Only cordless kettles were available at BigW, KMart and Coles, but luckily the IEC-type power plug:




.. plugs straight into the back of the 'cordless' part of the BigW Abode kettle's element socket:


----------



## Wolfy (15/7/12)

Completed the enclosure passes the boil-test:




and leak test (no surprise given the quantity of silicon used):





Installed with fittings (PID probe slides into in the thermowell):




highly technical HERMS mount (pending brewery stand build):





Double-helix/coil fits inside the cooler:




affixed to the lid:





According to the PID can raise the mash temperature by about 1 degree C per minute, which is what was aimed for.
However the little brown pump has a flow rate of about 3L per min, which is likely a little slow to get a fast response from the grain-bed temperature. Since one of the little brown pumps has decided to stop working - after being used twice - it's likely it will be replaced by a 'decent' home-brew pump some time in the semi-near-future.




Wort is filtered by the perforated stainless false bottom, drains out of the bottom of the mash-tun, into the pump, is pumped into the HERMS coil (PID temperature probe is mounted at the HERMS-coil outlet) and back into the top of the mash-tun. By filling the mash-tun (from the bottom) from the HLT via the pump and HERMS, the pump is primed and everything is up-to-temperature by the time the mash is stirred.

Total cost ended up being _only _$4 for the cooler, another $4 for the lengths of stainless tube, and $7 for the BigW kettle ... plus fittings ... and _lots _of trial-attempt-tube.


----------



## Wolfy (19/7/12)

*Update #24 Wort Return*
Blog

The basics of the wort return are simply a stainless steel Ikea Stabil double-boiler inset and some stainless all-thread. By drilling a small hole in the top-lip of the keg, the wort return is held in place by the all-thread and the height adjusted with a wing-nut.




... however, it's taken a few batches to get 'right'.

Initially the silicon hose was run directly into the dish, but since the hose is slightly boyant it tended to float and didn't want to stay in place:





A small piece of stainless tube pushed into the end helped a little:





But if you've been reading all this thread (not sure anyone has!) you'll have noticed that I have an abundance of coiled 12mm (1/2 inch) stainless tube, and so the solution was obvious:




And after a 75min recirculated mash (even with 40% wheat) the wort return works well and the wort is nice and clear:





This video was taken just after mash-in, grain bill is 50% Pale Malt, 40% Wheat malt, 7% Munich Malt and 3% Crystal Malt (and some Rice Hulls):
http://youtu.be/zDU8t2917Iw
(I still don't know how to embed them here)

75mins later at mash-out:
http://youtu.be/ZVYtMfKgOtU

For small/single batches, the 1L volume is likely a little large and the return-dish is a little too deep, so I'll find a cheap shallow stainless bowl (discount store), drill a hole in the lip of the bowl and use that (instead of the double-boiler-insert) when mashing small grain-bills.


----------



## _HOME_BREW_WALLACE_ (19/7/12)

Nice work as always wolfy! With all that spare ss tube, have you considered fully hard-plumbing your rig?


----------



## andytork (19/7/12)

I do like that wort return , very nice work


----------



## Wolfy (19/7/12)

_WALLACE_ said:


> Nice work as always wolfy! With all that spare ss tube, have you considered fully hard-plumbing your rig?
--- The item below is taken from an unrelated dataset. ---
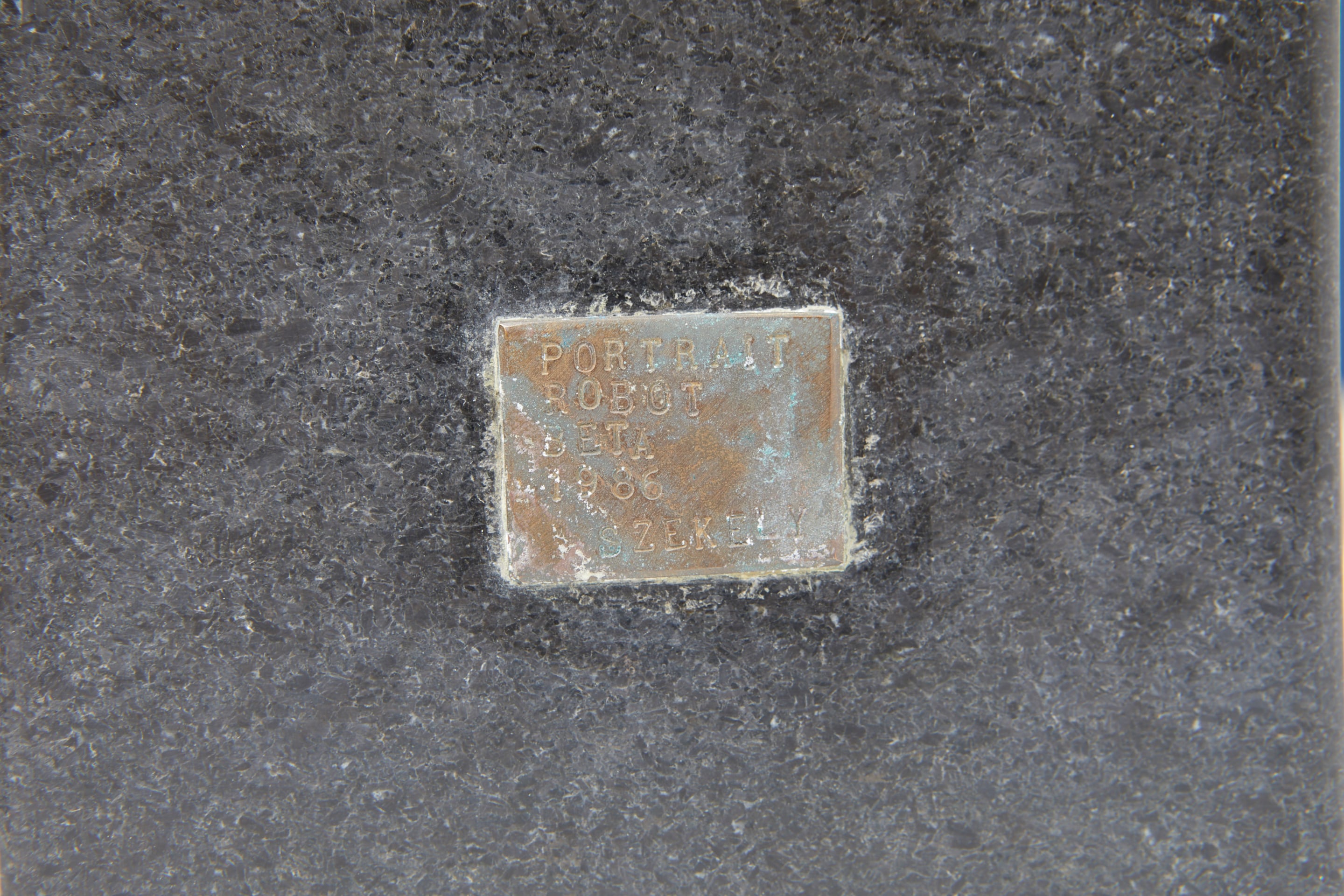 Pierre Székely's &quot;Portrait Robot Alpha et Beta&quot; sculpture, detailed view of metal plate with title, date and signature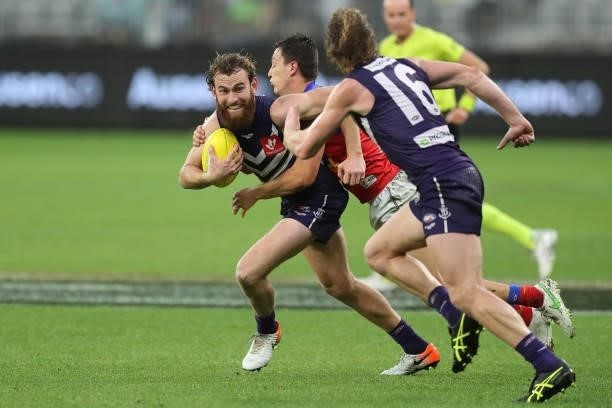 Connor Blakely of the Dockers looks to pass the ball during the 2021 AFL Round 21 match between the Fremantle Dockers and the Brisbane Lions at Optus...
It's a consideration, especially with a proper brew-stand, however even the _generic _'Double ferrule Tube Fitting' required to attach the stainless tube are quite expensive (I think).


----------



## WarmBeer (19/7/12)

Wolfy said:


> For small/single batches, the 1L volume is likely a little large and the return-dish is a little too deep, so I'll find a cheap shallow stainless bowl (discount store), drill a hole in the lip of the bowl and use that (instead of the double-boiler-insert) when mashing small grain-bills.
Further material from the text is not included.